Спи, спи, — шептал разум Коуди. — Ты не проснешься, пока я не дам команду. Ничто другое тебя не разбудит. Спи крепко… спи.

Параноид спал.


Коуди бросился бежать по улице со всей скоростью, на какую был способен. Никто из лысок в Американ-Гане не был ближе него к лаборатории, и если Померанс будет спасен, то только благодаря действиям самого Коуди. А он вполне может потерпеть неудачу. Джаспер Хорн сидел в гипнотическом сне в ресторане, полном народу, и в любой момент кто-нибудь мог заговорить с ним или встряхнуть, приводя в сознание. Гипноз не был глубоким. Он мог продержаться, но мог и прерваться в любую минуту. Несмотря на заключительное внушение, сделанное Коуди параноиду, разбудить его мог любой, и без всякого труда.

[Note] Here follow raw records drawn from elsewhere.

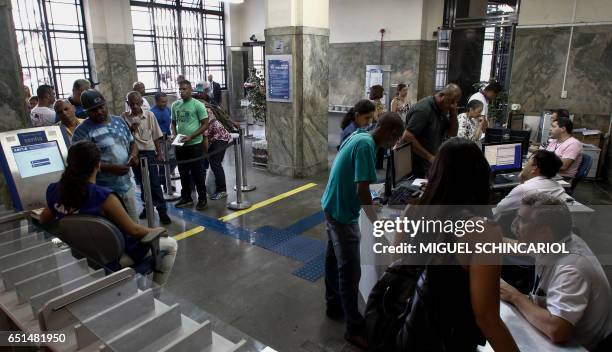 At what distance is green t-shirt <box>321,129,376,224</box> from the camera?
2451 millimetres

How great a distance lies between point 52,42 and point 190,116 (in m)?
6.07

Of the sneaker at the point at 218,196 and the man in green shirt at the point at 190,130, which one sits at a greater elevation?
the man in green shirt at the point at 190,130

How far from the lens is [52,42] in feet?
29.6

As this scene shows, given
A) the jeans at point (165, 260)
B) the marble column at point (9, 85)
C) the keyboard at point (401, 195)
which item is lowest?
the jeans at point (165, 260)

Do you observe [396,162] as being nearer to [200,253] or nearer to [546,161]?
[546,161]

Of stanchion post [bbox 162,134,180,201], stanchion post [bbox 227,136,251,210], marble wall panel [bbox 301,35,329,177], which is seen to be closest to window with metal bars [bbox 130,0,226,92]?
marble wall panel [bbox 301,35,329,177]

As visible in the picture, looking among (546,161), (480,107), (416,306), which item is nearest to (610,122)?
(480,107)

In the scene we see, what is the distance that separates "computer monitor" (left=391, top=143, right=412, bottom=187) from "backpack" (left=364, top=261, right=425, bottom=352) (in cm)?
191

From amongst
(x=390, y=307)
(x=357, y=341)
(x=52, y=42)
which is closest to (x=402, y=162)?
(x=357, y=341)

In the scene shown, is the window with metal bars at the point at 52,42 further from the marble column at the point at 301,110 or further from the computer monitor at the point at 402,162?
the computer monitor at the point at 402,162

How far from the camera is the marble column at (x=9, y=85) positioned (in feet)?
8.59

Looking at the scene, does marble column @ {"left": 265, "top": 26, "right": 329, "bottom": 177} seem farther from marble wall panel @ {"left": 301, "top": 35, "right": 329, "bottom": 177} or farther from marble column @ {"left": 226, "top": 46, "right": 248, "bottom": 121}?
marble column @ {"left": 226, "top": 46, "right": 248, "bottom": 121}

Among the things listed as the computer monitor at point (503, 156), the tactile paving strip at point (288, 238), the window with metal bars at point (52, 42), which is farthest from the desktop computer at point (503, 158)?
the window with metal bars at point (52, 42)

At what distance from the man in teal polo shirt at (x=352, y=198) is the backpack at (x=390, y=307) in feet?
3.39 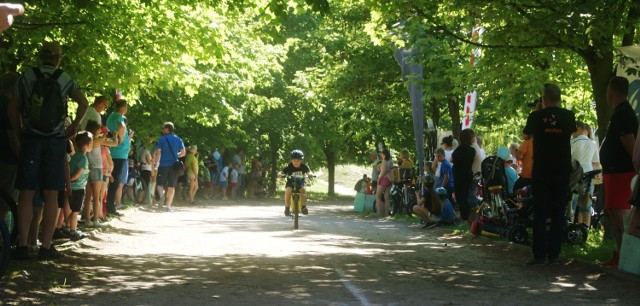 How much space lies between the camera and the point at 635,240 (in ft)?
33.7

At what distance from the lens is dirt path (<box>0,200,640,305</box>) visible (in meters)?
8.77

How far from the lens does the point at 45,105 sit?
427 inches

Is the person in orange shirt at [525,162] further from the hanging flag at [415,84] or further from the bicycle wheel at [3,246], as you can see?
the hanging flag at [415,84]

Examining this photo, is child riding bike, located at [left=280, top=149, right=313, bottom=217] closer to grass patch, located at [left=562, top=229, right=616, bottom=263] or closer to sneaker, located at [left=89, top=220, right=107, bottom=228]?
sneaker, located at [left=89, top=220, right=107, bottom=228]

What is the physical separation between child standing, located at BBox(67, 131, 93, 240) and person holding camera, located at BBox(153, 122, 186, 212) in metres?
11.2

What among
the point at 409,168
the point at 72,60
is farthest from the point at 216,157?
the point at 72,60

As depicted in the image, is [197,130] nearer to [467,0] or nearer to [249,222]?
[249,222]

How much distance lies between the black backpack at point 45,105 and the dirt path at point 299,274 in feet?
4.79

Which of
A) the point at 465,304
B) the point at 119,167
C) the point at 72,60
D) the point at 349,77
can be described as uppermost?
the point at 349,77

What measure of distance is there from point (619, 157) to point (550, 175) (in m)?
0.87

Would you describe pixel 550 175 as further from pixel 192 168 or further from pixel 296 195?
pixel 192 168

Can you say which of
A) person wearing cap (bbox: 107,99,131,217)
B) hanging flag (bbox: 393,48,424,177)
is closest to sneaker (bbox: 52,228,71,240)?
person wearing cap (bbox: 107,99,131,217)

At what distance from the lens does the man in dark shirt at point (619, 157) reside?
36.8ft

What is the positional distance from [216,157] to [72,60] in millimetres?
25650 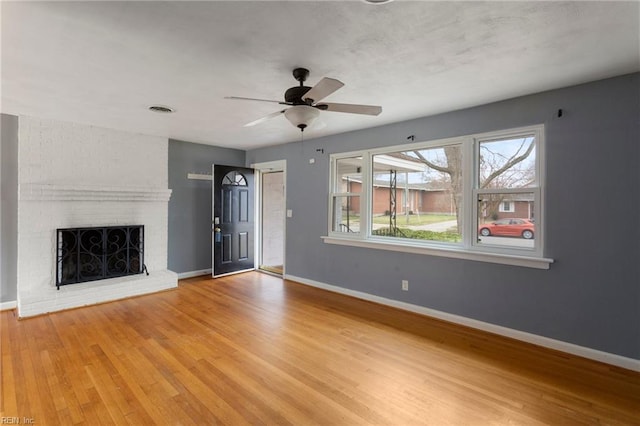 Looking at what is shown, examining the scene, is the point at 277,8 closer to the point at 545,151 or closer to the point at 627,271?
the point at 545,151

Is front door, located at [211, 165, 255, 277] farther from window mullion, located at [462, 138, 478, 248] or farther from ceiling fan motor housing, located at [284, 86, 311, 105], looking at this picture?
window mullion, located at [462, 138, 478, 248]

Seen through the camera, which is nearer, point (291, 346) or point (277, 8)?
point (277, 8)

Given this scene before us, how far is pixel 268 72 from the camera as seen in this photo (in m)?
2.53

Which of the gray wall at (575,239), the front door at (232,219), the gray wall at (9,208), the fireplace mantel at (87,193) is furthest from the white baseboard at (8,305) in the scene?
the gray wall at (575,239)

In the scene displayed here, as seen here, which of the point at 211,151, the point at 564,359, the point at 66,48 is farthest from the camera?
the point at 211,151

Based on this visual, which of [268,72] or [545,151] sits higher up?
[268,72]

Коуди бежал. Допустим, ему удастся увести Померанса из лаборатории вовремя. Успеет ли он вернуться в ресторан прежде, чем Хорн проснется?

«Нет, — думал Коуди, — гипноз недостаточно глубок. Будет чудом, если Хорн останется в этом состоянии больше нескольких минут. Сейчас важнее спасти Померанса, уже это будет немалым чудом.

Но, как только Хорн поймет, что произошло, он не станет ждать. И начнется погром. Здесь, в Амери-кан-Гане, все готово — Хорн заложил динамит, и ему остается всего лишь воспользоваться детонатором. Ладно. Я не могу быть уверен, что то, что я делаю, — правильно. Думаю, что так. Но я не могу быть уверен. Если я спасу Померанса, Хорн вполне может начать погром прежде, чем я смогу вернуться и убить его. Но я не могу позволить Померансу умереть: он способен решить проблему индуктора».

Быстрее!

Он побежал к группе длинных, приземистых строений. Дорогу Коуди знал: видел ее в уме Хорна. Он подбежал к одному из зданий, распахнул дверь и оказался в лаборатории.

Изможденный седой человек в перепачканном халате обернулся и уставился на него. Это был Померанс: телепаты узнают людей безошибочно. Коуди знал, что перед ним Померанс, но он почувствовал также, как в двух кварталах от него, в «Крыле вертолета», Джаспер Хорн пошевелился, проснулся и, встревоженный, немедленно начал прощупывать мозг Померанса.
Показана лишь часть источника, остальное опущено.